[Short text fragments from websites]:
────────────────────
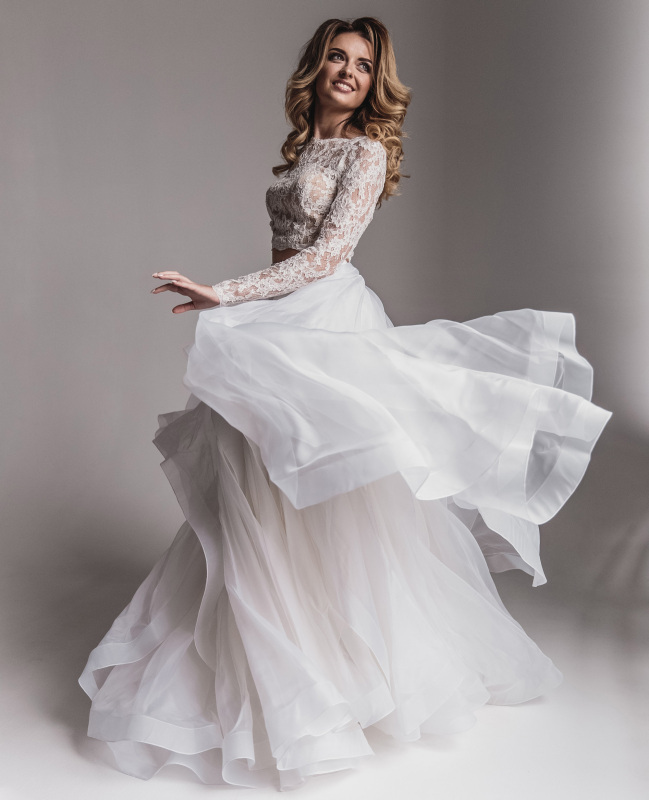 2 Pieces Organza Lace Full Length Wedding Dress Bridal Skirt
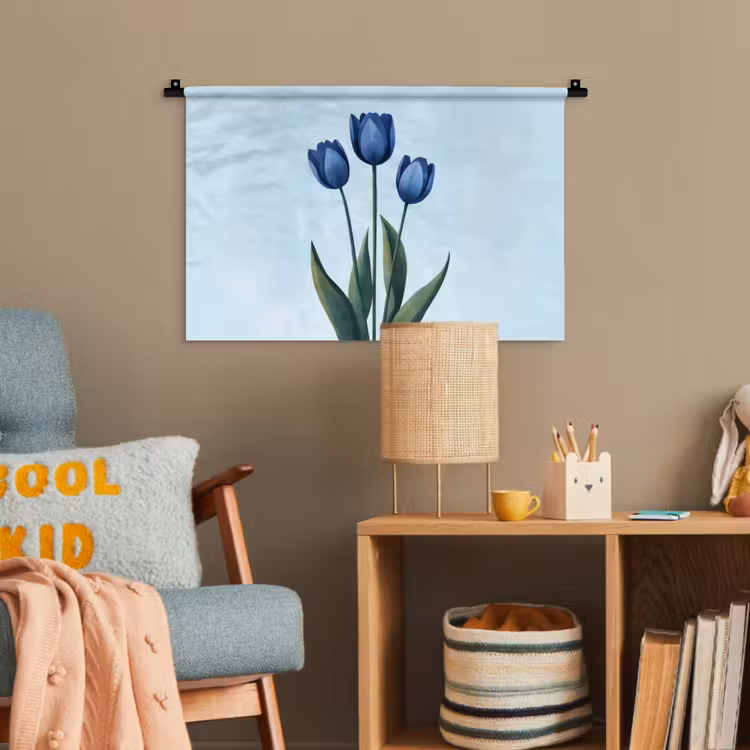 Tulpen - Blauw - Bladeren Wandkleed katoen klein -wsfeer4_kind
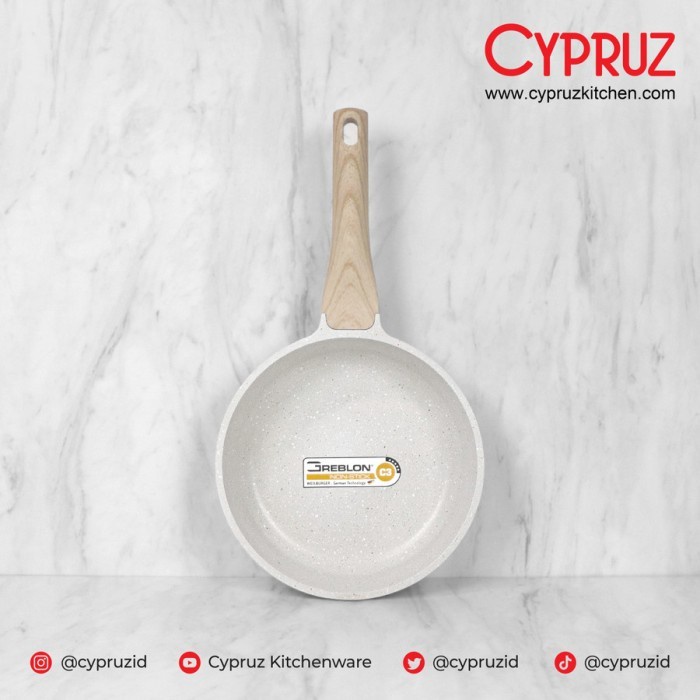 Cypruz FP-0954 Fry Pan White Granite DieCast Series 26 cm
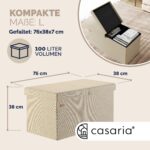 Bancuta cu spatiu de depozitare, din poliester, 76x38x38cm, crem inchis - imagine 8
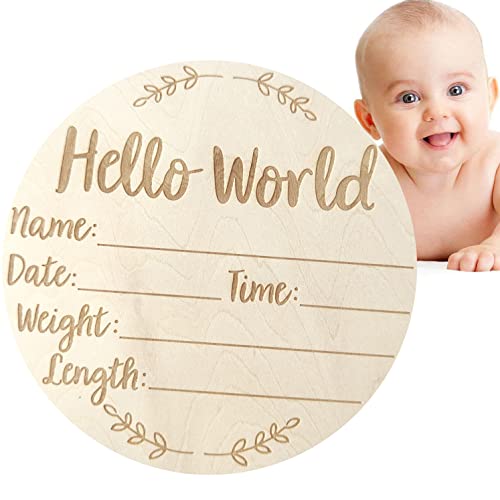 CAVLA Wooden Baby Announcement Sign, Newborn Baby Announcement Sign, 5.9 Inch Round Hello World Newborn Welcome Sign for Baby Shower, Photo Prop, Hospital, Nursery, New Parents (D)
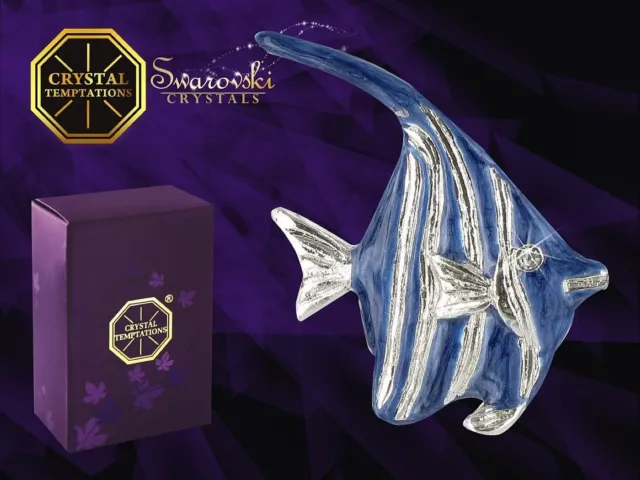 G 4539 Plata Pescado Fish Azul Juego de Cajas Swarovski Vidrio Cristal 3,7 CM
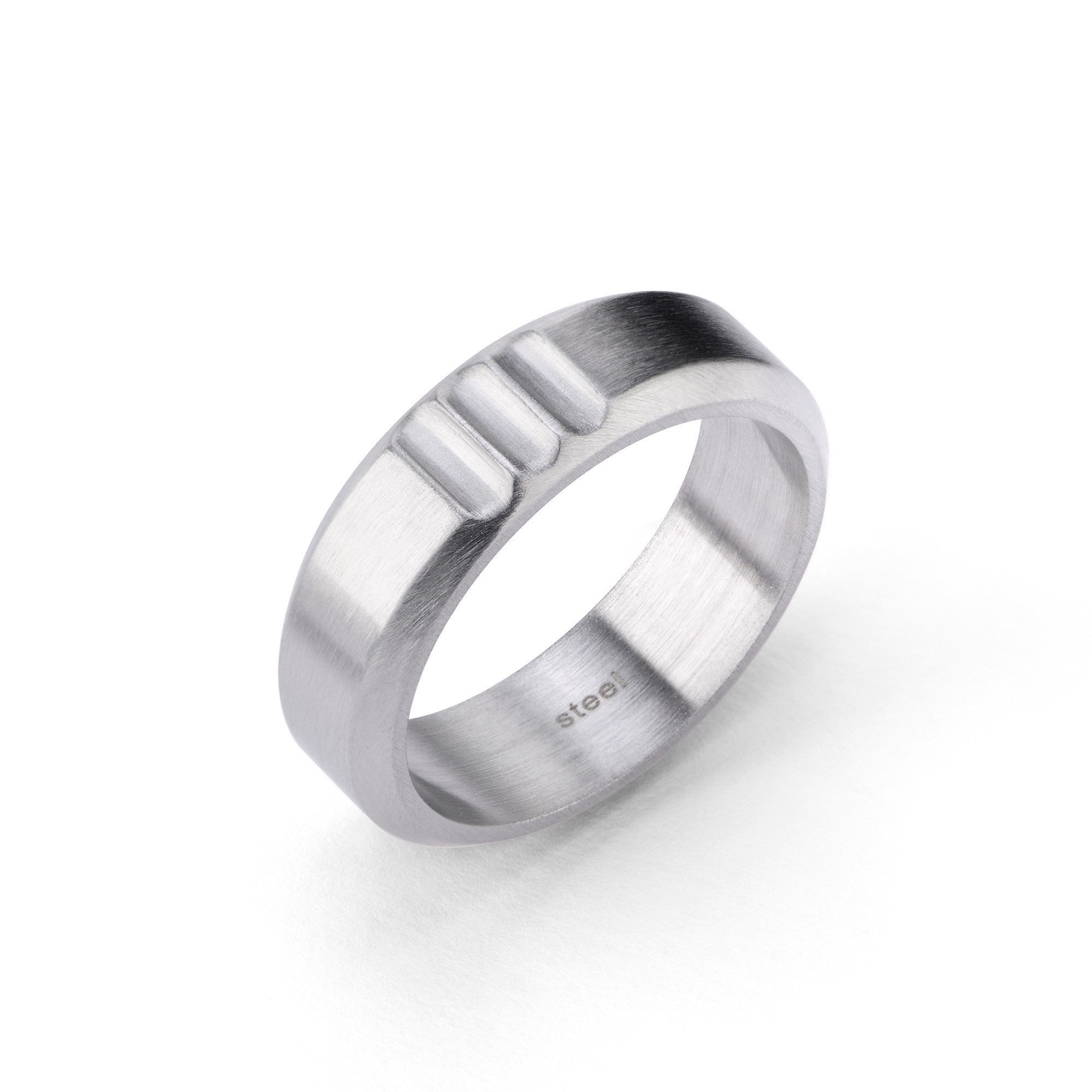 FYNCH-HATTON Fingerring Schmuck Geschenk Edelstahl Ring Curb Kerben
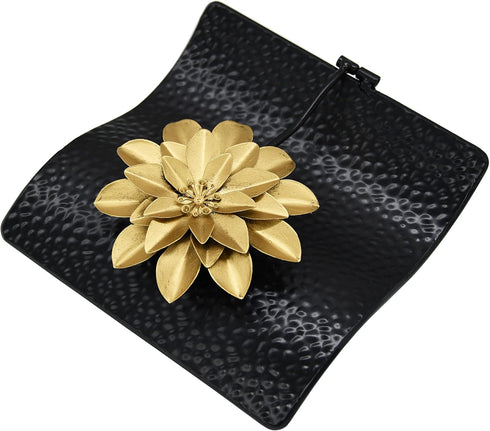 Counter OwlGift Black Flat Napkin Holder w/Golden Flower Weighted Arm, Metal Cocktail Napkin Dispenser, Kitchen Paper
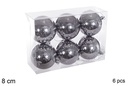 Pack 6 bolas gris brillo 8 cm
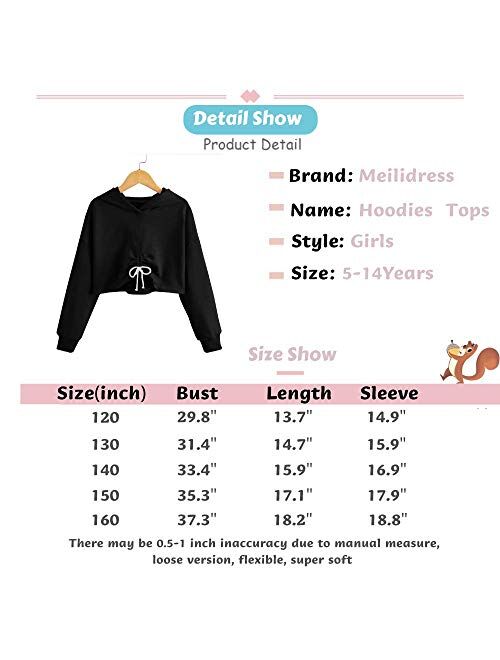 Meilidress Kids Girl's Crop Tops Hoodies Long Sleeve Cute Drawstring Pullover Sweatshirts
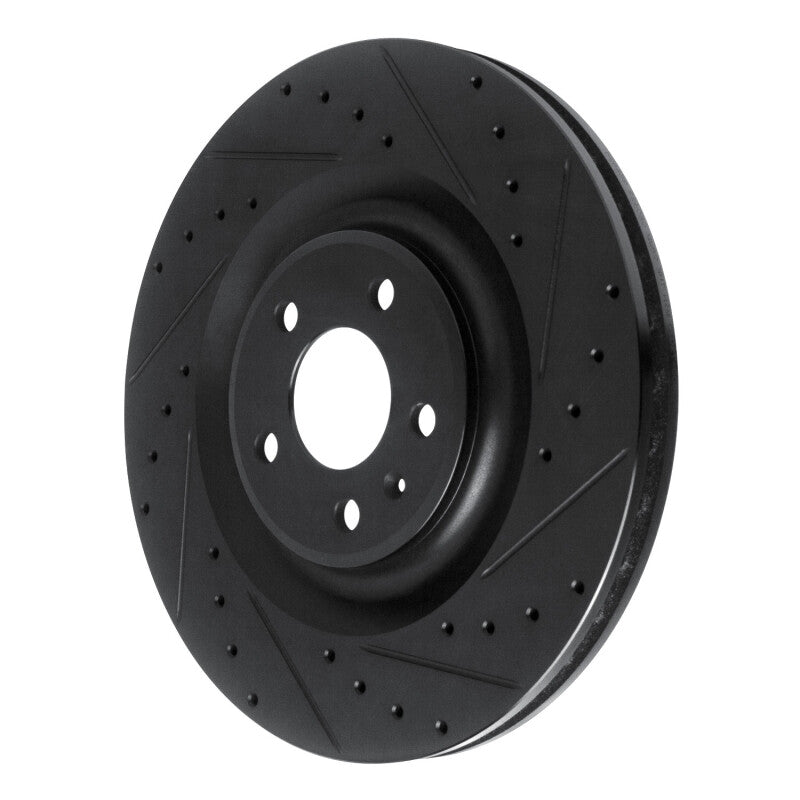 R1 Concepts R1 17-25 Audi Q8 e-Tron Rear Right Drilled & Slotted Black Brake Rotor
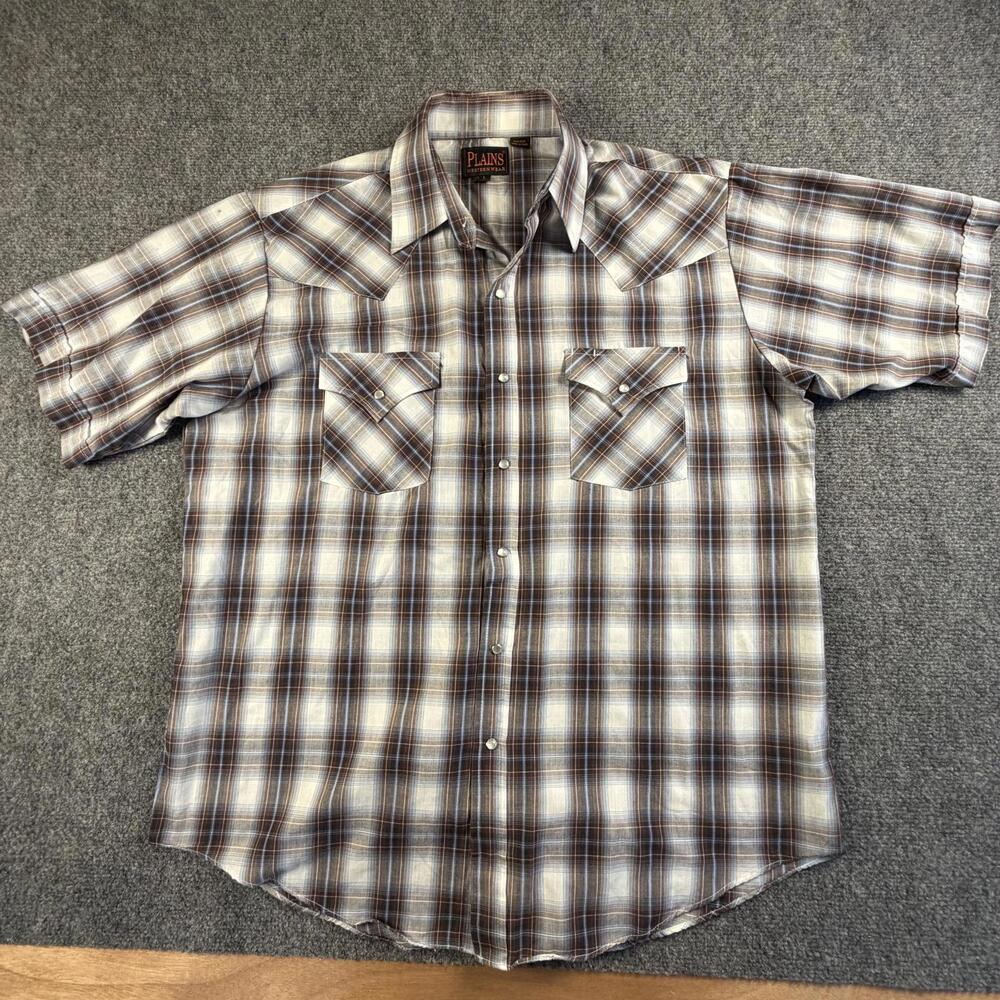 Men's Casual Short Sleeve Plaid Shirt Plains Westernwear Large #1551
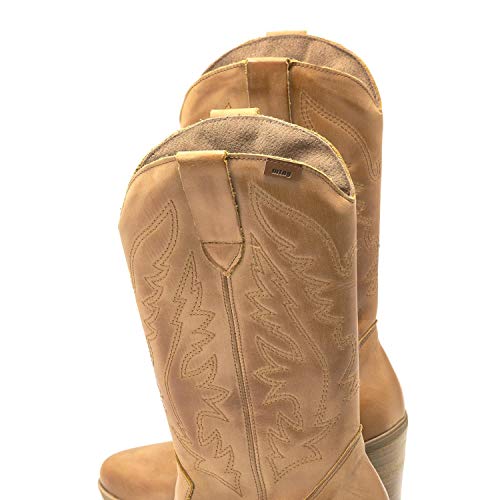 Botas Mujer MTNG | Botas Marilyn 58134 | MTNG Mujer | De Piel, con Interior Piel, caña Alta y Punta Afilada | Botas Casual | Cierre con Cremallera | 45198 | Cuero | 39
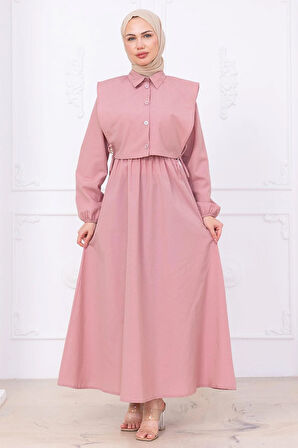 Bolerolu Beli Lastikli Elbise Pembe HM2756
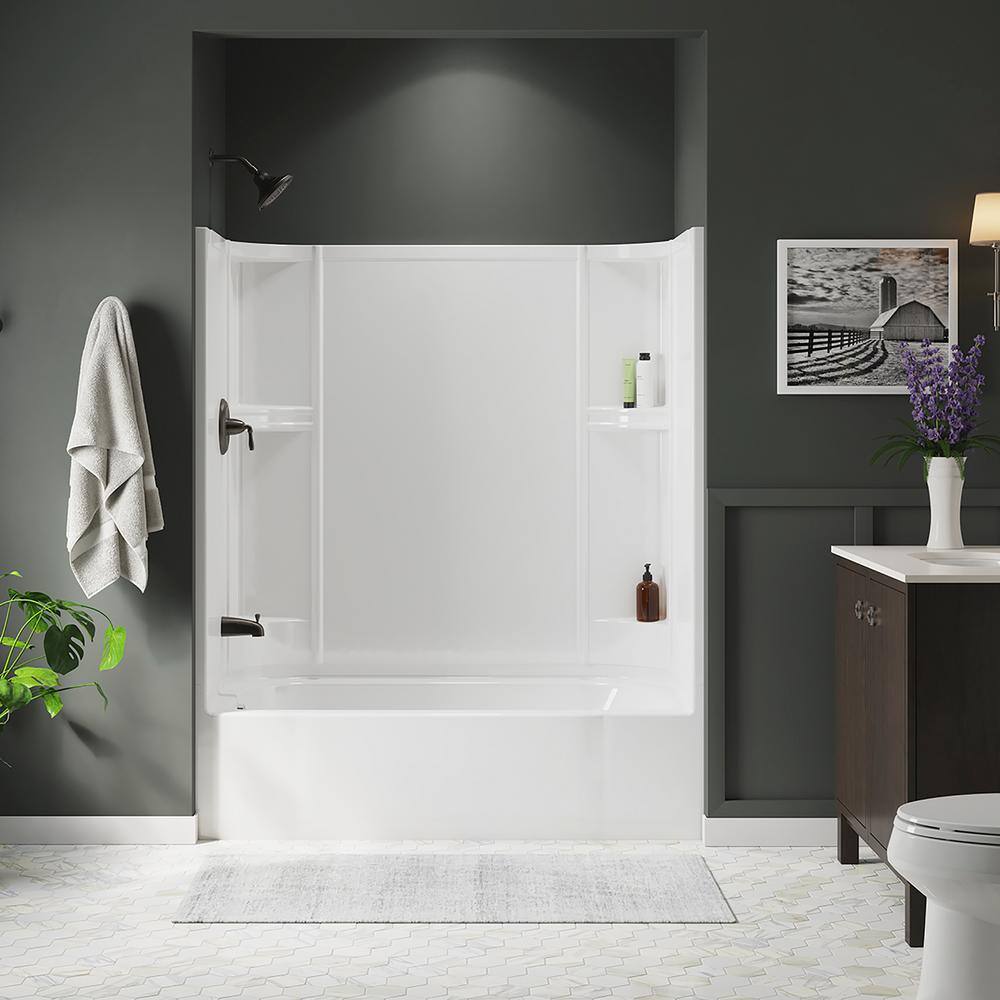 STERLING Accord 31-14 in. x 60 in. x 73-14 in Bath and Shower Kit with Left-Hand Drain in White 71240110-0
────────────────────
Copy out every entry exactly as written, but not the pictures.

[Task output]:
 2 Pieces Organza Lace Full Length Wedding Dress Bridal Skirt
 Tulpen - Blauw - Bladeren Wandkleed katoen klein -wsfeer4_kind
 Cypruz FP-0954 Fry Pan White Granite DieCast Series 26 cm
 Bancuta cu spatiu de depozitare, din poliester, 76x38x38cm, crem inchis - imagine 8
 CAVLA Wooden Baby Announcement Sign, Newborn Baby Announcement Sign, 5.9 Inch Round Hello World Newborn Welcome Sign for Baby Shower, Photo Prop, Hospital, Nursery, New Parents (D)
 G 4539 Plata Pescado Fish Azul Juego de Cajas Swarovski Vidrio Cristal 3,7 CM
 FYNCH-HATTON Fingerring Schmuck Geschenk Edelstahl Ring Curb Kerben
 Counter OwlGift Black Flat Napkin Holder w/Golden Flower Weighted Arm, Metal Cocktail Napkin Dispenser, Kitchen Paper
 Pack 6 bolas gris brillo 8 cm
 Meilidress Kids Girl's Crop Tops Hoodies Long Sleeve Cute Drawstring Pullover Sweatshirts
 R1 Concepts R1 17-25 Audi Q8 e-Tron Rear Right Drilled & Slotted Black Brake Rotor
 Men's Casual Short Sleeve Plaid Shirt Plains Westernwear Large #1551
 Botas Mujer MTNG | Botas Marilyn 58134 | MTNG Mujer | De Piel, con Interior Piel, caña Alta y Punta Afilada | Botas Casual | Cierre con Cremallera | 45198 | Cuero | 39
 Bolerolu Beli Lastikli Elbise Pembe HM2756
 STERLING Accord 31-14 in. x 60 in. x 73-14 in Bath and Shower Kit with Left-Hand Drain in White 71240110-0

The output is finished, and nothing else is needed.